#### [Dataset content]
>>>>

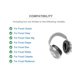 thumbnail image 3 of Almohadillas para auriculares Voarmaks de espuma viscoelástica con piel de oveja perforada, 3 of 9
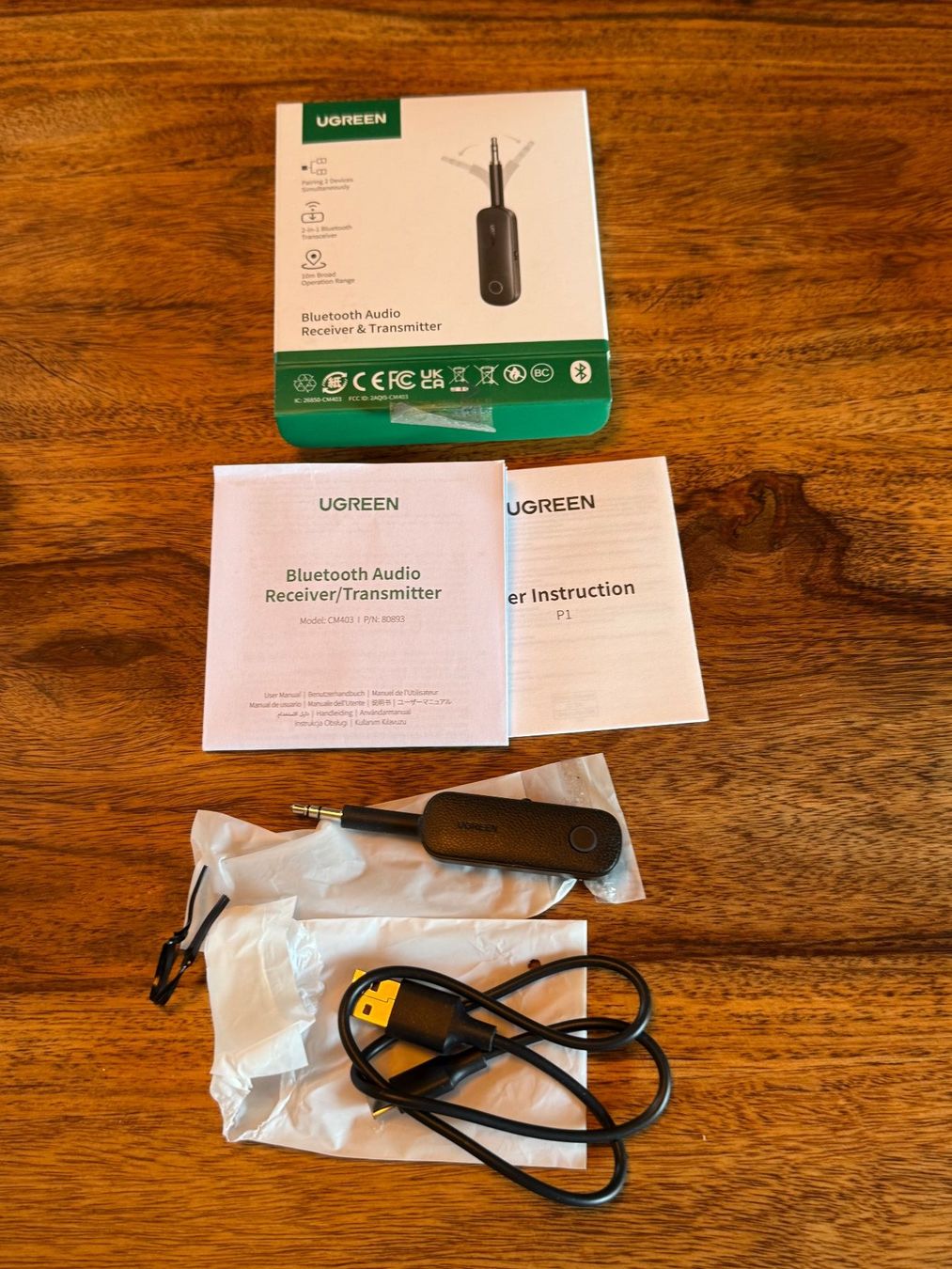 Ricevitori: UGREEN Bluetooth Audio Receiver Transmitter neu – Nuovo (secondo la descrizione) da Reinach BL venduto da the_Advocat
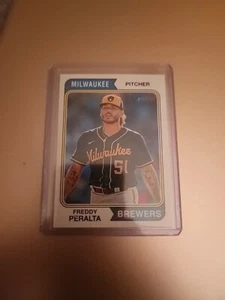 2023 Topps Heritage Baseball # 581 Freddy Peralta - Picture 1 of 3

<<<<

#### [What is required]
The lines from the one containing "Ricevitori: UGREEN Bluetooth" to the final line of the material, both ends included, should be retyped exactly and alone, with no pictures.

#### [Output below]
 Ricevitori: UGREEN Bluetooth Audio Receiver Transmitter neu – Nuovo (secondo la descrizione) da Reinach BL venduto da the_Advocat
 2023 Topps Heritage Baseball # 581 Freddy Peralta - Picture 1 of 3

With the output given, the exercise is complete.